Dia 09 de Abril às 17h e 20h

O espetáculo conta a possível história das memórias de um casal de irmãos que passou a infância num lugar chamado de “lacuna de gente”. Protegidos pelo abandono, fizeram da invenção suas ferramentas de pensar e brincar. E do que não serve para nada, sua matéria de poesia. A peça pode contar também a possível história de uma dupla de atores que se reúne para transformar poesia em teatro, num jogo de cena que aposta na força da palavra e no espírito lúdico. Experiente em levar à cena textos que não foram originalmente escritos para o teatro, o director Moacir Chaves concebeu uma montagem enxuta. No palco, dois atores interpretam o texto de diferentes ângulos, lembrando ora dois irmãos, ora um casal, ora o poeta.

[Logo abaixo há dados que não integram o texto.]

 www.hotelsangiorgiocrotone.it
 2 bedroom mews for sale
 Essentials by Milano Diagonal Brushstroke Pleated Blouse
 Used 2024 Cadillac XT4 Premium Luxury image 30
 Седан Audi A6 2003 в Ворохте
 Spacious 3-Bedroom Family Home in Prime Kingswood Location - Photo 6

“Manoel de Barros tem uma escrita inteligente, crítica e lúdica, ao mesmo tempo. É um prazer ouvir diariamente suas construções sonoras. (...) Temos, agora, basicamente, uma maior concentração na sonoridade do espetáculo. (A relação com a plateia se modifica, também, já a partir da mudança de um espaço de arena para um frontal.)”, diz o diretor.

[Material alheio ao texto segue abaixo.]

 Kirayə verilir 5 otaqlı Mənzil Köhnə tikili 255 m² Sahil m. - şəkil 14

No cenário de Fernando Mello da Costa, duas poltronas e gaiolas de passarinho sobre o chão de madeira. Pontuando os versos, entram intervenções sonoras criadas por Pedro Luís, um dos fundadores do grupo Monobloco e da banda Pedro Luís & A Parede, executadas ao vivo pelo músico Chico Oliveira.

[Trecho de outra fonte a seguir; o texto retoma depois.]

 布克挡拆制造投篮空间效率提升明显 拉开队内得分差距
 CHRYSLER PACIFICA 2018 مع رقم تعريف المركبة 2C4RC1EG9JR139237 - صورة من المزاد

A peça, segundo Bianca Ramoneda, é uma ode às coisas "que não servem para nada”, supostamente inúteis no nosso cotidiano e que, ressignificadas, transformam-se em matéria-prima da poesia, em beleza e alimento para o espírito. Essa “inutilidade” é também metáfora para falar do ofício do artista. Tanto o poeta quanto a peça propõem a inversão de uma chave: a de que tudo o que fazemos precisa ter um sentido utilitário.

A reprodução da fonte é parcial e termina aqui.